This is a Civil War era Model 1849 Pocket revolver with a desirable Hartford barrel address. 4" octagonal barrel, 5-shot cylinder in .31 caliber. The numbers are 100% matching including wedge, arbor pin, and walnut grips. These Pocket-sized Colt Revolvers were very popular during the Civil War as thousands were carried by soldiers from both the North and South. The sheer volume of ambrotype photographs that have turned up over the years showing soldiers displaying these guns (usually across their chest) gives us a pretty good glimpse into how these men felt about their Colt Revolvers. See photo of Confederate soldier from Georgia displaying his 4" Colt Pocket. The Model 1849 was produced from 1850 to 1873 with over 340,000 produced. This particular gun has a great serial number which is in the in the 176,000 range and dates production towards the end of 1860 (160,000 to 184,000).
The timeframe in which this revolver was manufactured and most likely shipped was perhaps one of the most volatile moments in US history. This one was right there on top of Abraham Lincoln's Republican victory in November of that year. Skipping around the debate of grievances from the South, nonetheless, the event triggered eleven southern states to secede from the Union over the next few months. To lend a little perspective to what occurred during the time between Lincoln's election and start of the Civil War the following April, here is a brief timeline. The fallout started with South Carolina seceding from the Union on 12/20/1860, followed by MS 1/9/61, then FL 1/10/61, AL 1/11/61, GA 1/19/61, LA 1/26/61, TX 3/2/61, VA 4/17/61, AR 5/6/61, NC 5/20/61, ending with TN on 6/8/61. As war loomed on the horizon and citizens in border states chose sides, there was a frenzy of arms activity with thousands of guns being ordered by southern and northern states alike. Many of these 1849 Pockets with Hartford barrel addresses ended up in the hands of southerners going off to War as they were the last Colts southerners could legally acquire before the war started. That said, serial numbers in the 170-180,000 ranges are prime real estate for late 1860 to the first half of 1861 when men were rushing out to purchase guns before joining up with a regiment and heading off to war.

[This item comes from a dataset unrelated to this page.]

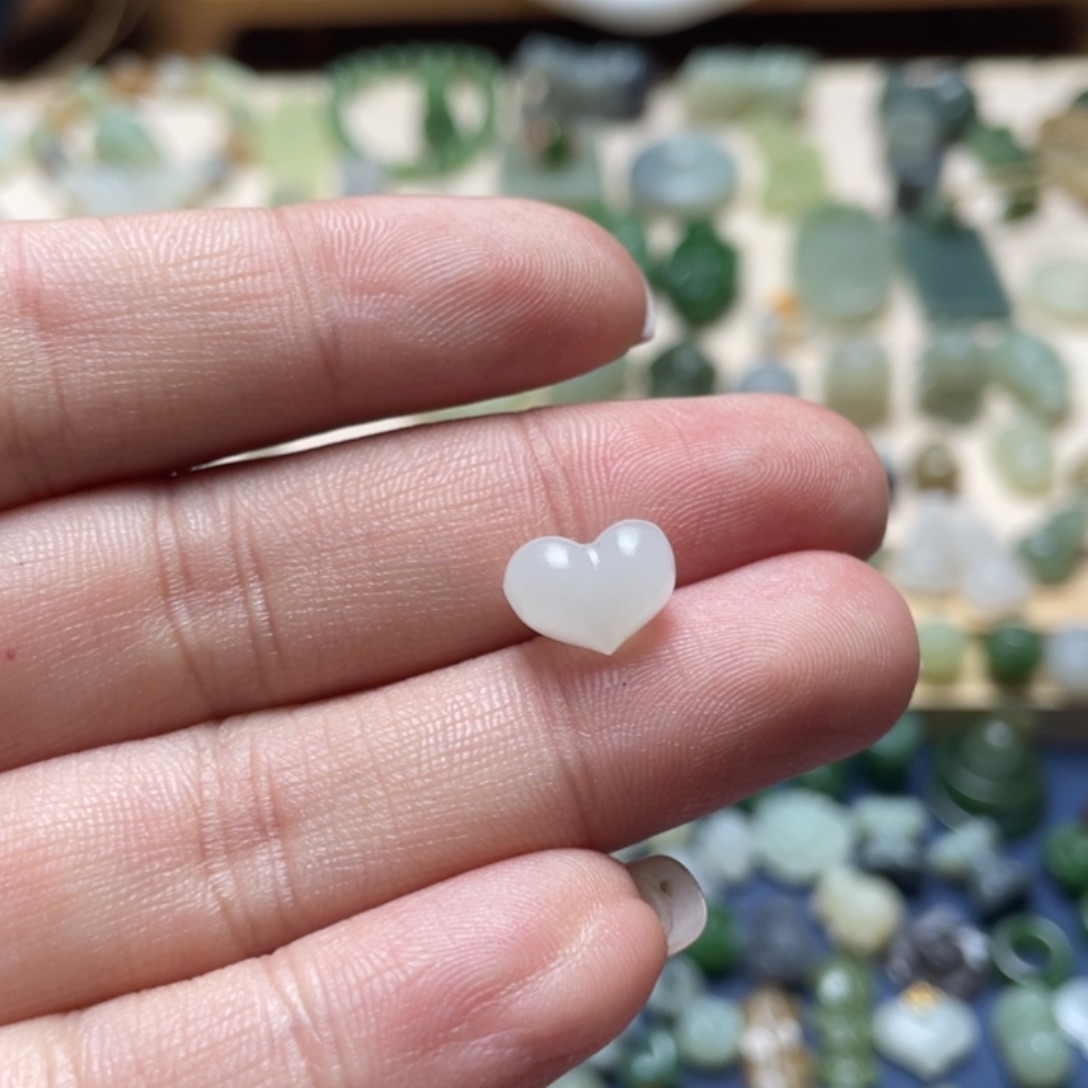 顺***亿和田玉未镶嵌吊坠(不含链)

At that time leading up to the War, it's been theorized Sam Colt, who was not only a great inventor but a shrewd businessman, altered his barrel address for political reasons. It's believed that his New York headquarters or business address which was located atop the barrels of his guns were not being well received by his southern customers. The reasoning behind these southern buyers was that NYC was regarded as the epicenter of the abolitionist movement. In an effort to appease those sentiments, Colt changed the barrel address over to read "Hartford, CT" where his company's factory was located. Hartford, CT. To our estimation with revolvers seen over the years, the Hartford address seems to appear around 1858 and lasts until ???? That's right...you guessed it...right around April 1861 when the War began and no more Colts could go south. At this moment in time, Colt changed the address back to New York as he began to supply Colts exclusively to his northern customers. That said, this is one of those Colts that fits into that late 1860 to early 1861 Hartford address window.
While Colt has no shipping record for this particular gun, its serial number in the 176,000 fits right in between two Colt 1849 pockets mentioned by their number in letters written by their southern and northern owners to Colt complaining of defects. The first letter written by one Mr. D. Mower from Frog Level, South Carolina on April 4, 1861 where he mentions his Colt Pocket Pistol w/ 5" barrel as number #177,621 is having trouble popping a cap on one chamber of the cylinder. The second letter is from one John Mangen or Morgan of Janesville (which we presume to be Janesville, Wisconsin) who mentions a broken nipple on his Colt #174,558. These two letters were published in Sam Colt's biography, The Story of Colt's Revolver in 1957 by William Edwards. See photos.
Overall condition is NRA Very Good with the metal worn evenly to a light gray patina with strong markings and sharp edges. It has a good clean overall look about it. Several of the screws even retain a fair amount of their original fire blue. Screws are VG to Fine overall with several showing some original fire blue. Cylinder Scene is Excellent with 90-95% sharp engraving and gives a full depiction of Colt's stagecoach robbery scene complete with stagecoach, horses, robbers, heroes, and even a damsel in distress peering out the doorway to the coach. The back of the cylinder retains 4 of its 5 safety pins...3 very good...1 fair (slightly mashed), and 1 poor (smudged but still partially standing). Nice working action. Wedge still locks the barrel up to the frame tightly. The brass trigger guard and backstrap have no original silver plating externally visible and have aged to a nice mellow patina. The action has good mechanics. Good Bore with very decent lands and grooves that are a bit frosty but with no major pits or damage. Walnut grips are Excellent with 95% original varnish remaining with only minor handling wear. No chips, cracks, or repairs. These are the original grips that are numbered to the gun underneath the backstrap. See photos. All in all, a respectable 100% original example of Hartford Address Colt produced just prior to the outbreak of the Civil War and could have quite possibly shipped south.